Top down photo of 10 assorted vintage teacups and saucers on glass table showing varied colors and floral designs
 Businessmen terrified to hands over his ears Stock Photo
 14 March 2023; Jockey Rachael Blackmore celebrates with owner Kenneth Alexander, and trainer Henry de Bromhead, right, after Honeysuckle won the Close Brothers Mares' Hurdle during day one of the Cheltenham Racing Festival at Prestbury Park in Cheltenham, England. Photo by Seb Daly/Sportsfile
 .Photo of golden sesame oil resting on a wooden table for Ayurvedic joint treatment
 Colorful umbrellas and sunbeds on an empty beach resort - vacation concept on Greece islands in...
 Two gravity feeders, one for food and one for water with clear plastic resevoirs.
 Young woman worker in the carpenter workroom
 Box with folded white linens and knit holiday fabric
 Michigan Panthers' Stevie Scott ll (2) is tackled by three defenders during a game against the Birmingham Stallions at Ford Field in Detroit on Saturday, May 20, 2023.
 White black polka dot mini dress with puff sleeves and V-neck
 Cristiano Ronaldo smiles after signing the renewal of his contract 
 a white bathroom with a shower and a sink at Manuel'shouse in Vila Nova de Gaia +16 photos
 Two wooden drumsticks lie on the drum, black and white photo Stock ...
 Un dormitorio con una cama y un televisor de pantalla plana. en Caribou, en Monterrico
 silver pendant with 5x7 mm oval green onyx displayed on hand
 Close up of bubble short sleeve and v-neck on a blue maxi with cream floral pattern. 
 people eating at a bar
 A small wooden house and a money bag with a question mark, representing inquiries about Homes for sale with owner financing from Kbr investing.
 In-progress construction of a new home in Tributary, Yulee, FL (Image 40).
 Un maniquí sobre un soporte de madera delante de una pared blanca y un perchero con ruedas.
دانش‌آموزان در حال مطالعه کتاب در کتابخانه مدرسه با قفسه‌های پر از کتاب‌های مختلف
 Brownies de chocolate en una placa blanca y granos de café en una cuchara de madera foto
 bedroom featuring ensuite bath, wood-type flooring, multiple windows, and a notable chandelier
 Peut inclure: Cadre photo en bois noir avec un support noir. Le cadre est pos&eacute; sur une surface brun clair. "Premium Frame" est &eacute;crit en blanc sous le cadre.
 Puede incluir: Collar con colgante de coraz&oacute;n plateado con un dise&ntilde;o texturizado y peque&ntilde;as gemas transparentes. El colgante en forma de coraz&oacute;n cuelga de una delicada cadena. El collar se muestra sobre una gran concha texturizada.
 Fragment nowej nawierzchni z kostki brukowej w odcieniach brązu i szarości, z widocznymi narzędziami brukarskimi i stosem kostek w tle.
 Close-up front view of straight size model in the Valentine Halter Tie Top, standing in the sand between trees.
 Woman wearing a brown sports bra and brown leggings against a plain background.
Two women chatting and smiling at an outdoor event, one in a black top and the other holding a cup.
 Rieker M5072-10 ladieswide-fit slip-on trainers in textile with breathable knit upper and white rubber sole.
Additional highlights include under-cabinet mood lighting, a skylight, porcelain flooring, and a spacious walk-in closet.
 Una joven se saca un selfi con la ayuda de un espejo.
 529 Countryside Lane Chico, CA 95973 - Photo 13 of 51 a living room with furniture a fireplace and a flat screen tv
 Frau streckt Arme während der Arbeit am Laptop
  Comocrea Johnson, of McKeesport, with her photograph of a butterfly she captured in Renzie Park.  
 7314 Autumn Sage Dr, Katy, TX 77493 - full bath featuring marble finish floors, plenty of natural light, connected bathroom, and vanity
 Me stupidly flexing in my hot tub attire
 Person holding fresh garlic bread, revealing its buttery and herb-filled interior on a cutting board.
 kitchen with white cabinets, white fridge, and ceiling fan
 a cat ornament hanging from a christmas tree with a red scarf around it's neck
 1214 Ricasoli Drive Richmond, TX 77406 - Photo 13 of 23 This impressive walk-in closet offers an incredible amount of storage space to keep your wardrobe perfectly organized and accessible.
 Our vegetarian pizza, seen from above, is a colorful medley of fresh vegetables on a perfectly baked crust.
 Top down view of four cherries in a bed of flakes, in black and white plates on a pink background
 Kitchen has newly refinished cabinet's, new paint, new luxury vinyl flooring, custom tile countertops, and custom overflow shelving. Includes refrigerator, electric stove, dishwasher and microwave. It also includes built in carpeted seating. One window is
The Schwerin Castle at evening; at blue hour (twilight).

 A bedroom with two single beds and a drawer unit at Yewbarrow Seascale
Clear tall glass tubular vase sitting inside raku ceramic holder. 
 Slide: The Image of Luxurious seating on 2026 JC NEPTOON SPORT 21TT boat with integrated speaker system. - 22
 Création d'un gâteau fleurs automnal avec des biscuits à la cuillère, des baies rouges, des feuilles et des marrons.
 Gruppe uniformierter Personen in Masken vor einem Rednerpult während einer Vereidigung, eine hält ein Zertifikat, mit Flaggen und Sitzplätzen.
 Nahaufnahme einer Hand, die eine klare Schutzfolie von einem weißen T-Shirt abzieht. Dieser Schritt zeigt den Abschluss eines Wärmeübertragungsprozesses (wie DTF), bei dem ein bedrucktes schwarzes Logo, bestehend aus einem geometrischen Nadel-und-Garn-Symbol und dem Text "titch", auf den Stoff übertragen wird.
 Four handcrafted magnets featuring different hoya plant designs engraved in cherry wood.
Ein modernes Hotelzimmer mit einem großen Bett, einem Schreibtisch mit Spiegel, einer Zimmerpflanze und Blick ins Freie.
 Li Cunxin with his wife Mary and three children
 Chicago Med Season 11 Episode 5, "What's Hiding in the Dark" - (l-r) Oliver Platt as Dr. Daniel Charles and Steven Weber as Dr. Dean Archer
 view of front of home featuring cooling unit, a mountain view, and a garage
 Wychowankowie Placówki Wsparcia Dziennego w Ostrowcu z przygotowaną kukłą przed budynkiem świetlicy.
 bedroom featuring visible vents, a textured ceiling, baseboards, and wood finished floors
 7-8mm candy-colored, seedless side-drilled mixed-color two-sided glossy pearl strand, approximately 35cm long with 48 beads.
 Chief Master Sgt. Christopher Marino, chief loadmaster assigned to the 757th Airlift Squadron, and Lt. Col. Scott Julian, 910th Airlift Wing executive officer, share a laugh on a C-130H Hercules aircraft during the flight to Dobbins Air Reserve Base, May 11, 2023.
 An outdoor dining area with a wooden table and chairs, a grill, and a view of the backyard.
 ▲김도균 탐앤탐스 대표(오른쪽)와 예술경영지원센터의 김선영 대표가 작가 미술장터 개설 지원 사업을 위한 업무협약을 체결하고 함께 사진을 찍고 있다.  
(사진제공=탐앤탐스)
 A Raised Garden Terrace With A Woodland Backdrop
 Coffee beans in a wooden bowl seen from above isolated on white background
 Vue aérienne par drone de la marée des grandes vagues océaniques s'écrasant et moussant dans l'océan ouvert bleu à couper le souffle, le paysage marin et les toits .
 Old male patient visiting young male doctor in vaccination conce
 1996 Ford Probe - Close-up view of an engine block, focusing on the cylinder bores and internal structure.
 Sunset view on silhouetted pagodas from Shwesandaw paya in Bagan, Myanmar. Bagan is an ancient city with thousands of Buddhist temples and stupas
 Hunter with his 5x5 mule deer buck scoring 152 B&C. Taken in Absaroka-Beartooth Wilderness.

------------------------------

[Task brief] The required answer is the run of lines above, starting at the line with "Chief Master Sgt." and ending at the line with "(사진제공=탐앤탐스)", reproduced exactly with both ends.

[Task response]
 Chief Master Sgt. Christopher Marino, chief loadmaster assigned to the 757th Airlift Squadron, and Lt. Col. Scott Julian, 910th Airlift Wing executive officer, share a laugh on a C-130H Hercules aircraft during the flight to Dobbins Air Reserve Base, May 11, 2023.
 An outdoor dining area with a wooden table and chairs, a grill, and a view of the backyard.
 ▲김도균 탐앤탐스 대표(오른쪽)와 예술경영지원센터의 김선영 대표가 작가 미술장터 개설 지원 사업을 위한 업무협약을 체결하고 함께 사진을 찍고 있다.  
(사진제공=탐앤탐스)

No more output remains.